Good post! Surely everybody who is going to Disney is there to feel the magic and nothing can ruin your magical day more than somebody’s meltdown. However, having said that I did once experience a meltdown so spectacular that I thought it was a street performance, my family and others stopped to watch before we realised it wasn’t a show!
Regarding giving up your seat, I wholly agree but would add “be gracious when somebody does offer and don’t be rude/demand a seat” On our honeymoon we were on a bus to the park when a family got on (bearing in mind this was the start of the day), the grandparents were about the same age as my parents and not standing near myself or my husband but the mother quite rudely demanded I give her father in law my seat. The man had no obvious impairment and had somebody offered my parents/in-laws a seat they would have been offended. I quickly offered my seat (he sat elsewhere) and still standing, then inquired politely if the rest of their party needed a seat to be greeted with a gruff response.
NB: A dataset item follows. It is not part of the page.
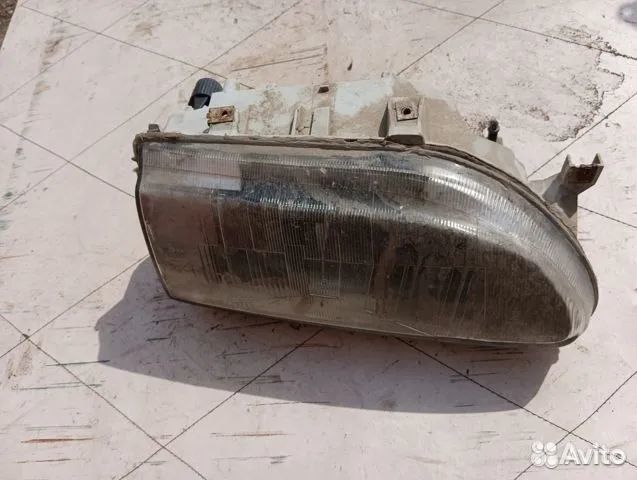 Фара Рено 19 правая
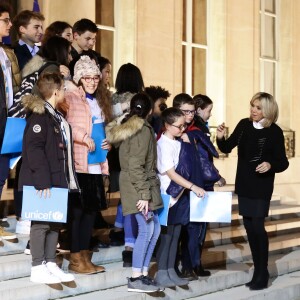 La Première Dame Brigitte Macron accueille les enfants de l'UNICEF pour la Journée Internationale des Droits de l'Enfant au Palais de l'Elysée à Paris, le 20 novembre 2017. © Stéphane Lemouton/Bestimage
I kept my seat but was put out by her rudeness. I would also add that if buses are full and you’re travelling with a small child in their own seat then get them to sit on your lap so another person can have a seat, in my family the rule always was “the youngest loses their seat”!
When you do see someone sitting, perhaps on the bus or other transportation, and not giving up their seat. It may be due to a terminal illness that is not directly visible like cancer or heart issues. I know I was given dirty looks along with my terminally ill husband for lack of chivalry. Every one is trying to enjoy the parks and vacation.